Darrell and Lynn Seymour said they first went hunting for geocaches after Darrell started searching “treasure hunting” online and heard about it on the news.

“It came on the news one night and they said something about, ‘There’s a new game out and it’s called geocaching,’ and I’m like, what? ‘It’s a treasure-hunting game,’” Darrell said. “And that caught my ear. But I went away from the TV and when I came back, they had done got off of it. So I made it a fact to stay there until the news came on again.”

They can still remember the first cache they found in December 2008 on Bypass 72, and although the cache isn’t there anymore, they still think about the spark the cache started that inspired them to find more.

“I wanted to go find another,” Lynn said. “And that’s where we went.
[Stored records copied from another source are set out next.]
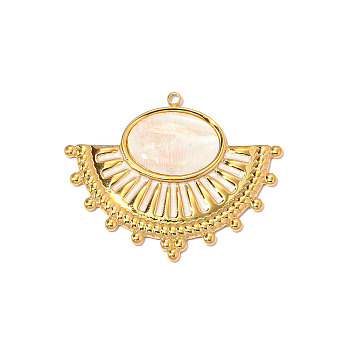 304 Stainless Steel Enamel Pendants, Hand Polished Fan Charm, with Shell, Real 18K Gold Plated, Ion Plating(IP), Long-Lasting Plated, Floral White, 42x34mm,Hole:1.80mm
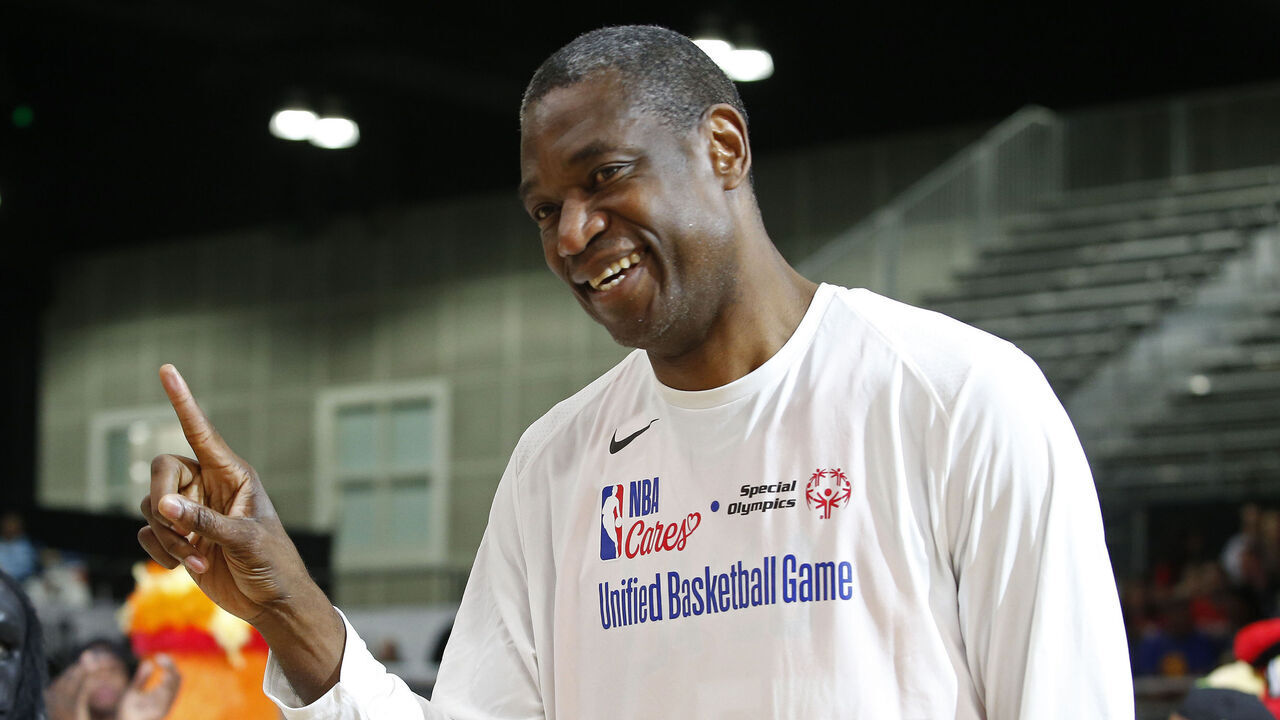 LOS ANGELES, CA - FEBRUARY 17: Dikembe Mutombo smiles before the NBA Cares Unified Basketball Game as part of 2018 NBA All-Star Weekend at the Los Angeles Convention Center on February 17, 2018 in Los Angeles, California. NOTE TO USER: User expressly acknowledges and agrees that, by downloading and/or using this photograph, user is consenting to the terms and conditions of the Getty Images License Agreement. Mandatory Copyright Notice: Copyright 2018 NBAE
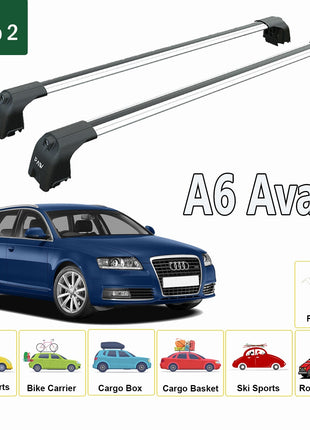 Audi A6 C6 Avant 2006-2011 Portbagaj Taşıyıcı Ara Atkisi - Ara Çubuk Paw Pro 2 Siyah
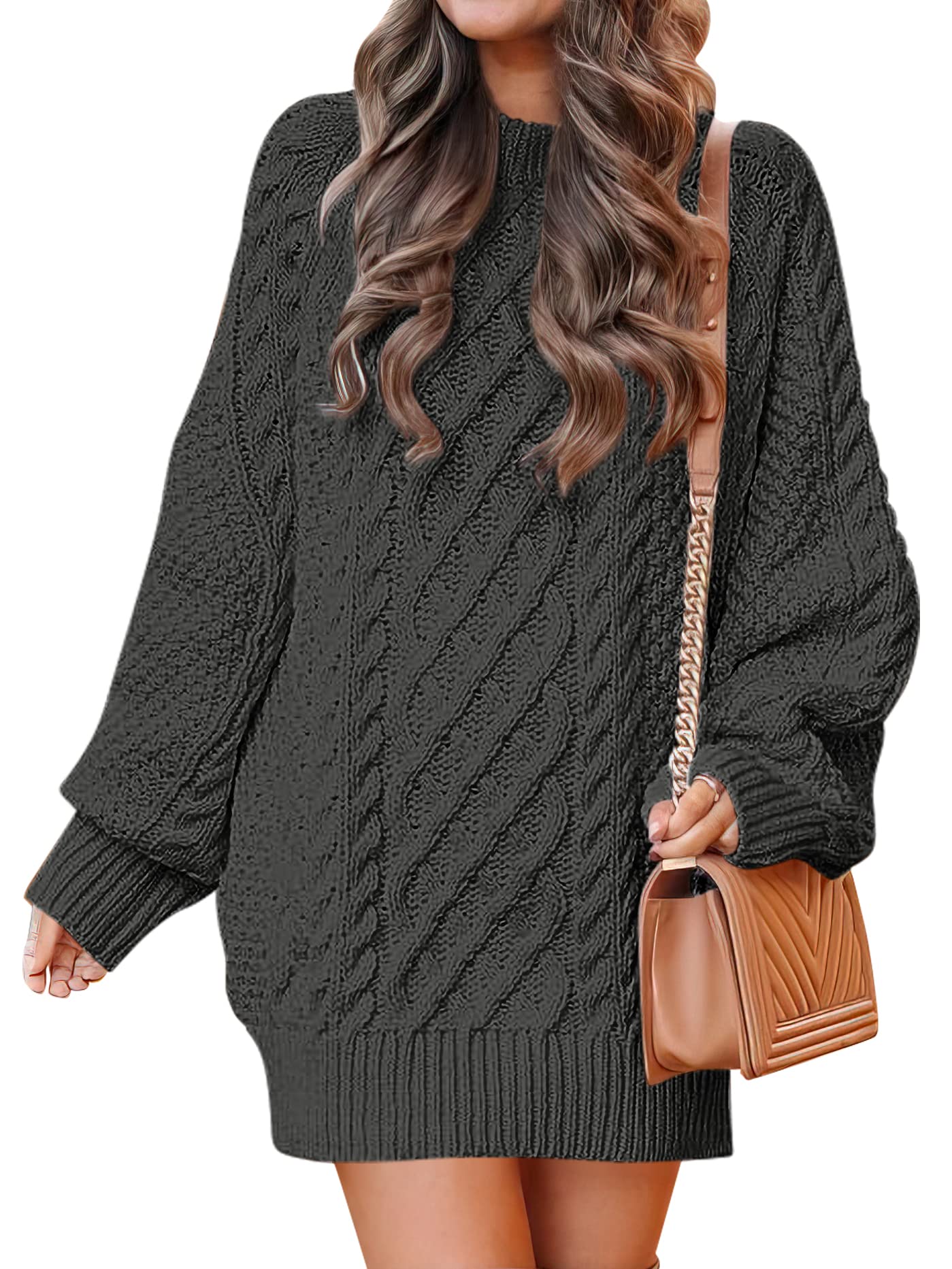 ANRABESS Womens Sweater Dress Oversized Cable Knit Chunky Long Sleeve Short Dresses 2025 Fall Outfits Vacation Winter Clothes *  #sponsored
We went straight from there to the dog pound, the one that was out there.”

Now, the Seymours go to regional mega-geocaching events every year to search for caches and meet up with other geocachers.

“It takes you places that you probably never would go,” Lynn said.

Callahan said she’s found nearly 900 caches and the Seymours have more than 1,000 logged on their profiles.

Geocaching got its start in Oregon in the early 2000s, but the idea has been around for much longer.

Callahan said letterboxing, which has been around for more than 100 years, is a scavenger game where clues lead to a box with a stamp and notebook inside and searchers collect the stamp imprints.

Geocaching differs from letterboxing with its use of technology.

“For me, a good cache either takes me to a cool place or the geocache itself is a cool thing, because some people make them very elaborate,” Callahan said. “If it fits one of those two, then to me, that’s a good geocache.”

Caches can take on nearly any form - ranging from small pill bottles to large boxes - but most typically have at least a piece of paper inside that people can log their name or username on.

Because geocaches can look out of place, Callahan said it’s important to get permission to place a cache on private or business-owned property.

Several years ago, a bypasser noticed a pipe stuck under a bridge in Ware Shoals and called it in to the police, but Callahan said it was simply an inactive geocache.

“Well, it looked like a pipe bomb, and a fisherman saw it on the dam or the bank and thought that it was a pipe bomb,” Callahan said. “They (police) went over there and blew it up, but what it was, it was a deactivated geocache - so shouldn’t have been out there, because if you archive it, you aren’t supposed to leave it out there because then it’s just trash.”

Most geocachers use phone apps such as Geocache or C:Geo to find the hidden items. Caches can be found where the icon or coordinates are on the app or they can be more complex, requiring you to solve a puzzle to find the actual coordinates.

Some caches, called “challenge caches” consist of a trail of hidden geocaches leading to others.

Other caches have trackable items in them that end up travelling the world.

One of the few rules in geocaching is if you take an item out of a cache, you’re supposed to leave something in return.

Callahan remembers a stuffed chick named Pedro that she put in a cache that made its way to Norway.

“He went missing for like, probably over a year and a half somewhere over in Europe. And all of a sudden I got a log saying ‘Pedro,’” Callahan said. “So now Pedro is in Norway traveling over there.”

Callahan and the Seymours have already found every cache still hidden in the Lakelands, but they hope to renew interest so new ones can be hidden.

“Once you’ve done four or five, you’re hooked. That’s it - you’ve got it for the rest of your life,” Darrell said.